About this task
Find the line with "a pink wall" in the records below. Output exactly from there until after the line with "a living room", without pictures.

Recorded information
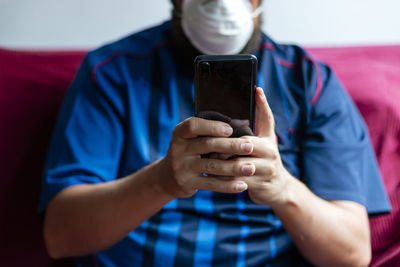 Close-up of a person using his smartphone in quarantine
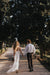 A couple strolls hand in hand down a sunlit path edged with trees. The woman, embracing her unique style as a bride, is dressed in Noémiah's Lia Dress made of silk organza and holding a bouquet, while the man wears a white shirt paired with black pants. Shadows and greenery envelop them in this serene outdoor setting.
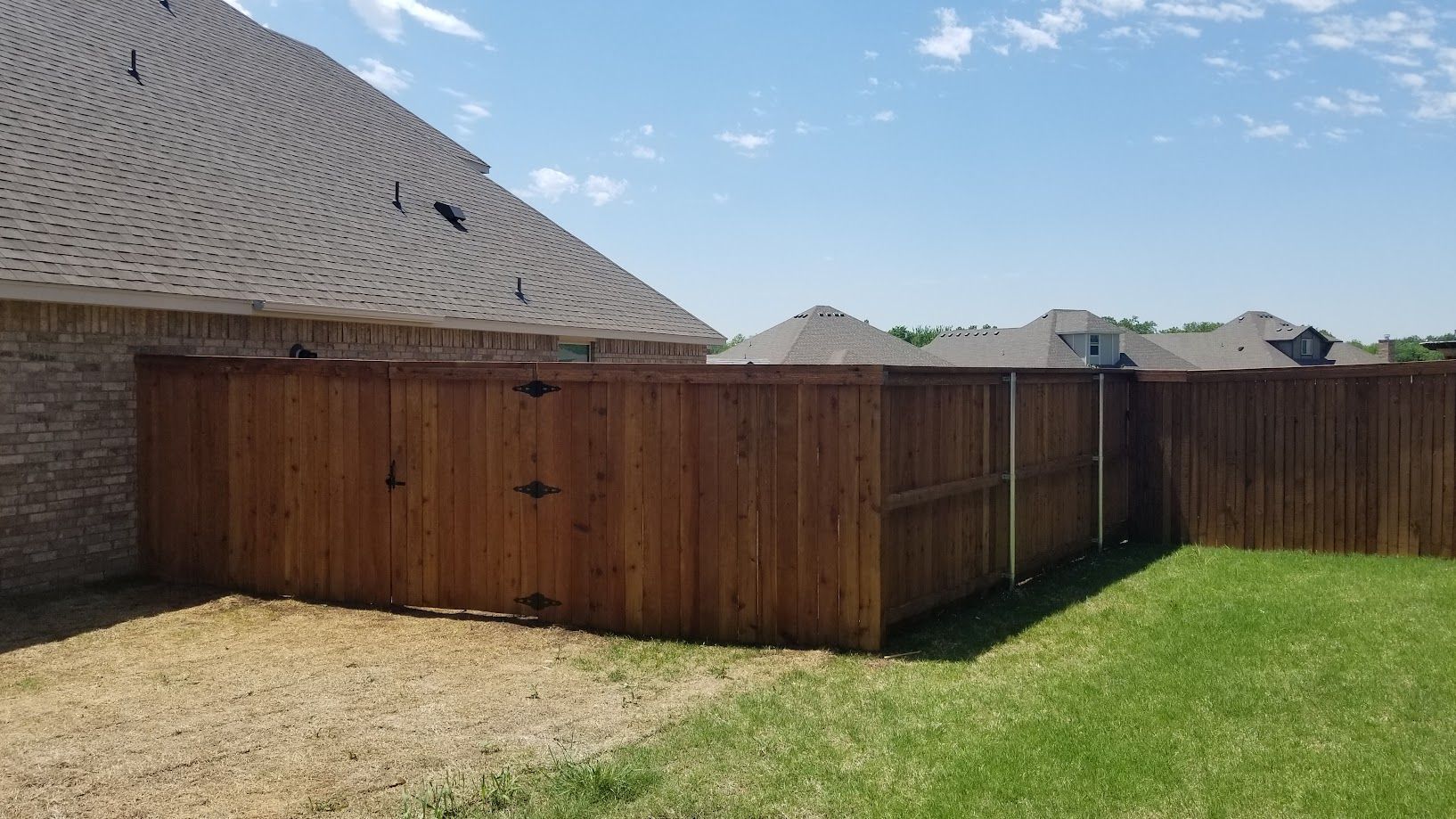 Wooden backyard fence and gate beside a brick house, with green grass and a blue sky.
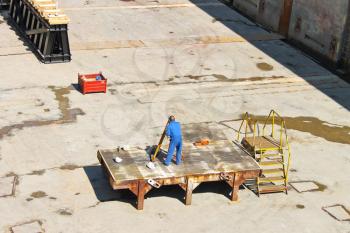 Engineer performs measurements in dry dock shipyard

* * *

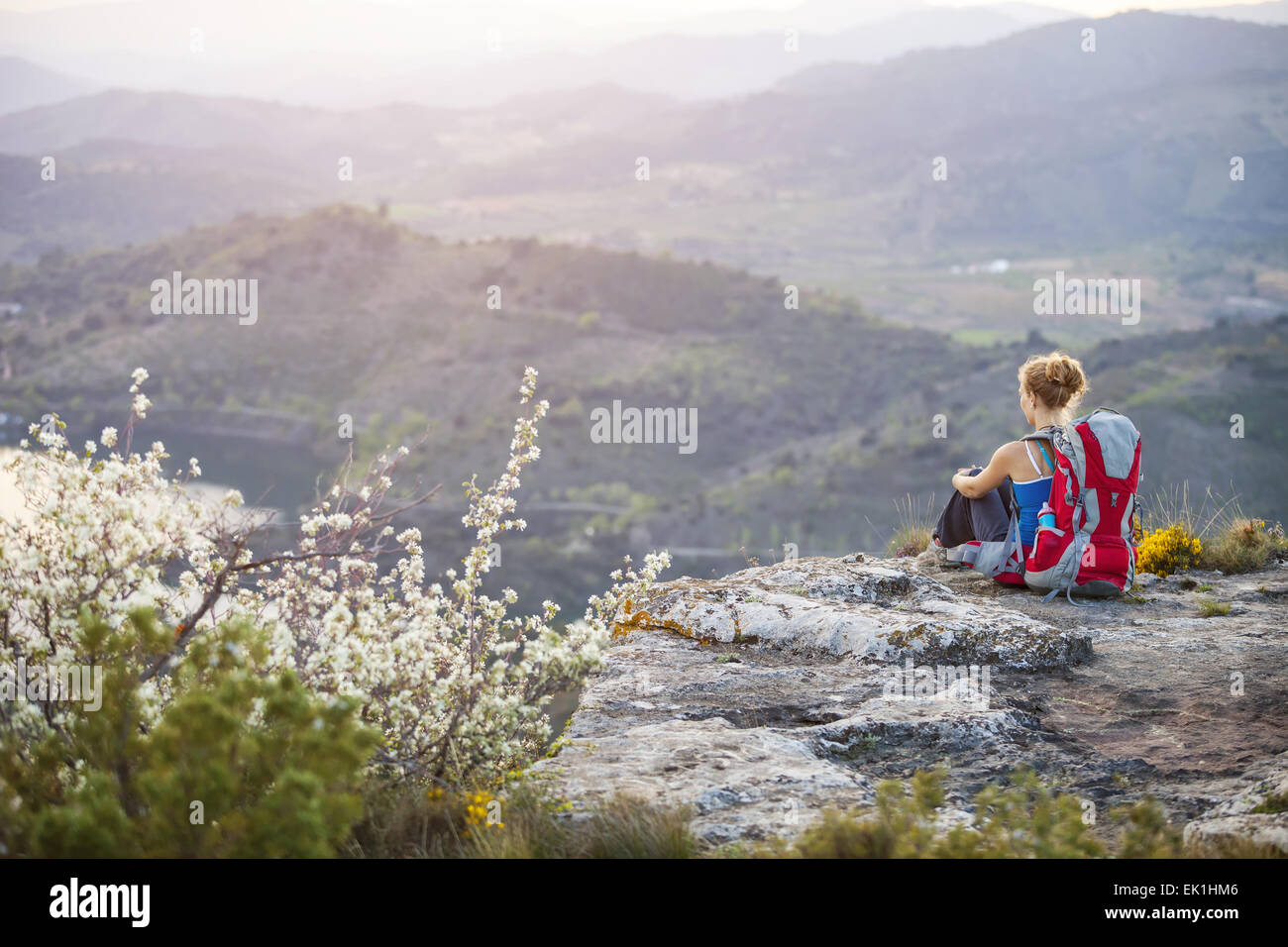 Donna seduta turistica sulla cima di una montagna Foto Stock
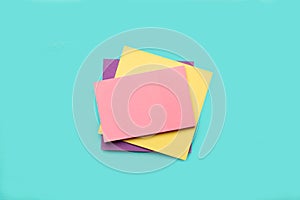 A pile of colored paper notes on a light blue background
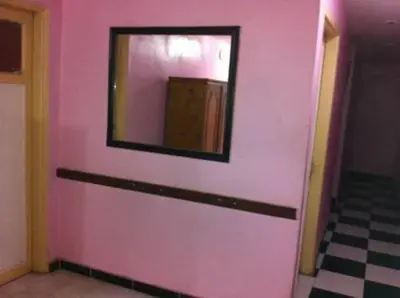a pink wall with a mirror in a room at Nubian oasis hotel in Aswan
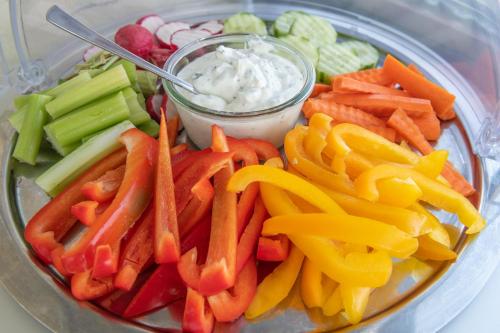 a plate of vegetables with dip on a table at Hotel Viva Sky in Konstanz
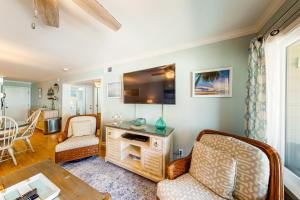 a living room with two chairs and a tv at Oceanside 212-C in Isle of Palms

...

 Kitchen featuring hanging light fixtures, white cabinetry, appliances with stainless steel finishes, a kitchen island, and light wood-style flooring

Result of this exercise
a pink wall with a mirror in a room at Nubian oasis hotel in Aswan
 a plate of vegetables with dip on a table at Hotel Viva Sky in Konstanz
 a living room with two chairs and a tv at Oceanside 212-C in Isle of Palms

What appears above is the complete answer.